One part of your budget that deserves special attention is your housing loan repayments. For homeowners, this is likely to be a significant monthly expense.

While it is possible to defer your mortgage obligations for the time being, this is not an ideal solution as it might mean larger repayments in the future.

A viable alternative is to refinance your housing loan, which allows you to potentially reduce your monthly expenses. Intrigued? Here is a step-by-step walk through of the refinancing process in Singapore.

What is refinancing?

Refinancing simply means switching your existing home loan (even if it’s an HDB loan) for another cheaper provider’s loan package.

That’s right: housing loans are not for life.
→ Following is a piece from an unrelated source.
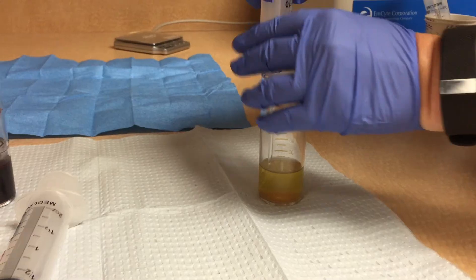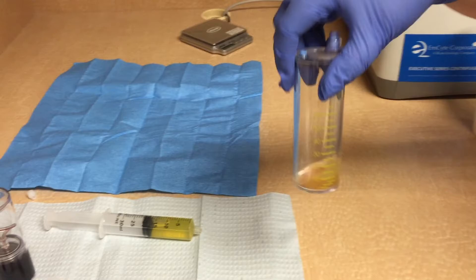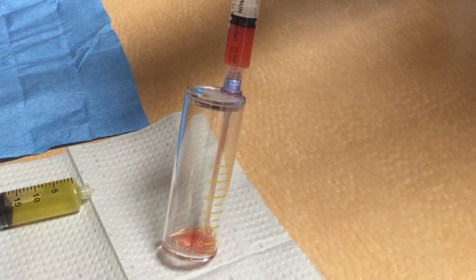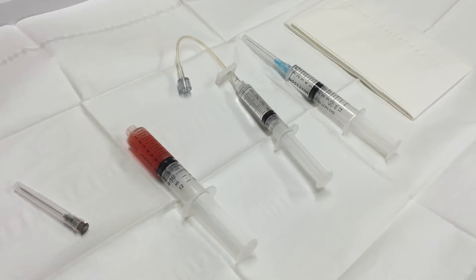This sample I was attempting to get a leukocyte-poor sample, and this was about as good as it got. You can see from this final product we have a significant amount of red blood cells left in the sample.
You can actually shop around for a better one.

Now is a particularly good time to refinance. Due to economic forces, banks currently have very low interest rates.
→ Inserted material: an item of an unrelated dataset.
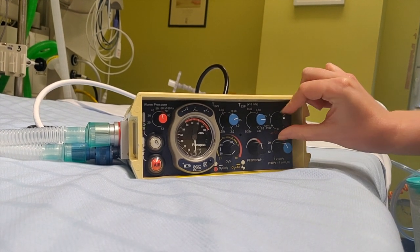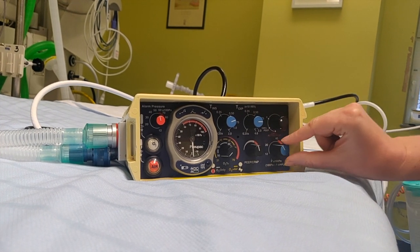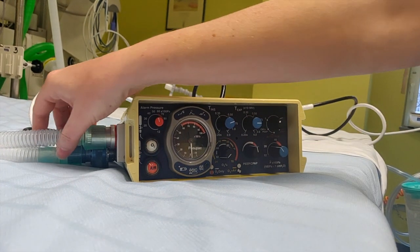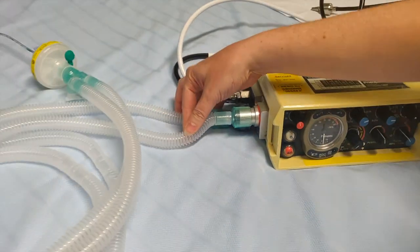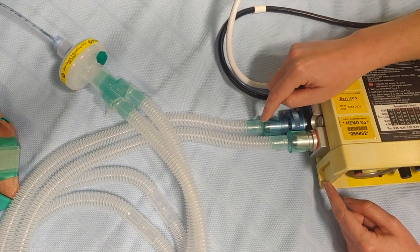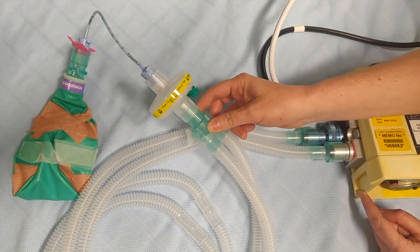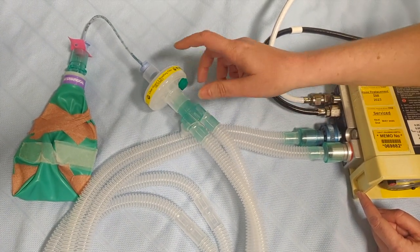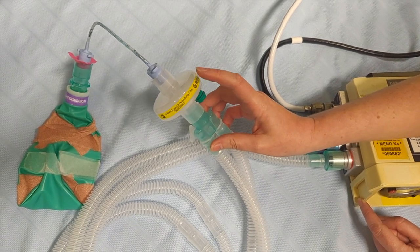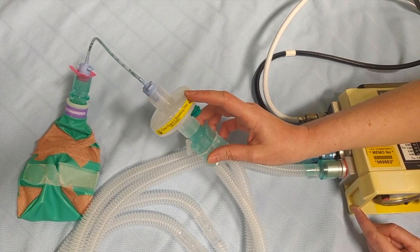So let's start. We have set this up. We're going to keep the PEEP mode and put the peak pressure on 25 and see what happens. We have this connected to a dual limb circuit. We haven't put a filter at the expiratory valve — we've put it at the Y-piece of the patient. Remember to have some sort of filter; in this case we've put a purely bacterial one, but you would use an HME with filter to keep some humidity for the patient.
Let’s say your current housing loan with Bank A is at 2.5% per annum, but you found a great new loan package at 1.5% from Bank B. (1% savings is a big deal, considering how much homes cost in Singapore!)
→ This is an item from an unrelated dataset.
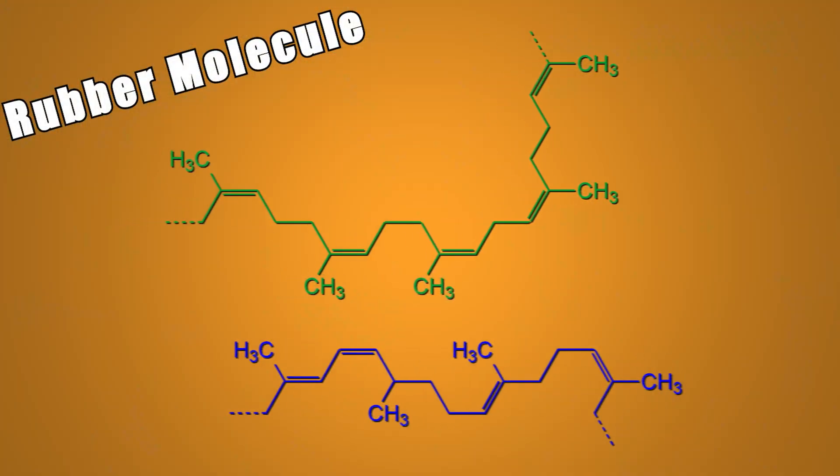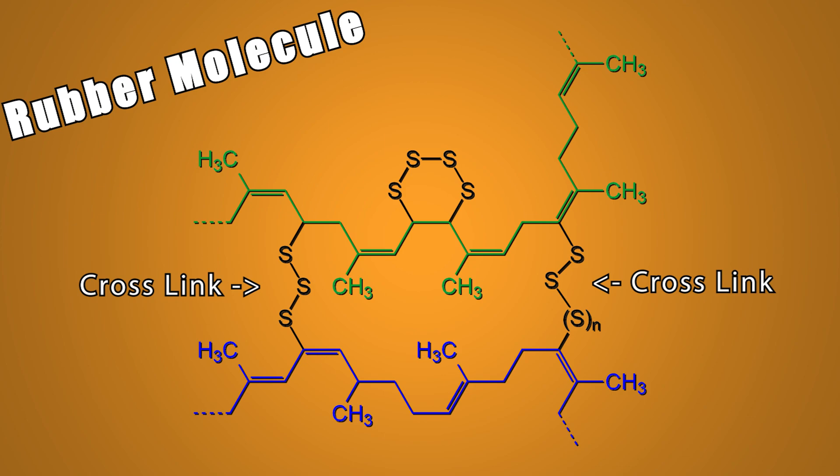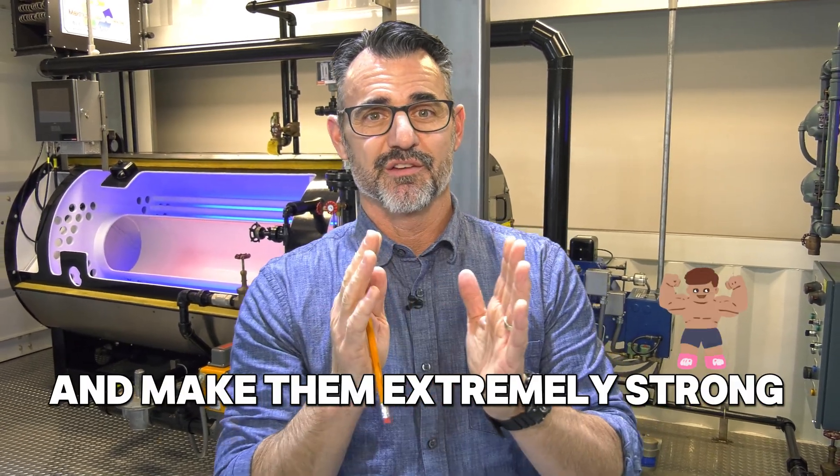What he discovered was that when you add sulfur to rubber and use heat as a catalyst, it does something called cross-linking. What were then completely independent cells form bonds that bring them together, making them extremely strong and extremely resilient.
When you refinance your home loan, Bank B repays your outstanding loan to Bank A. You then continue your monthly loan repayments with Bank B, but now you can save perhaps a few hundred dollars a month.

Step 1: Assess your current housing loan
Step 2: Find available mortgage loans that suit your need
Step 3: Decide between floating or fixed rates
Step 4: Check the repricing options
Step 5: Refinance and save!

Step 1: Assess your current housing loan

Regardless of whether you have an HDB loan or a bank housing loan, it is possible to refinance to a bank loan.

But first, you need to know what your current home loan package is. Find out what the interest rate is, as well as the loan tenure and monthly repayment amount. Now you know what to use as a benchmark when refinancing.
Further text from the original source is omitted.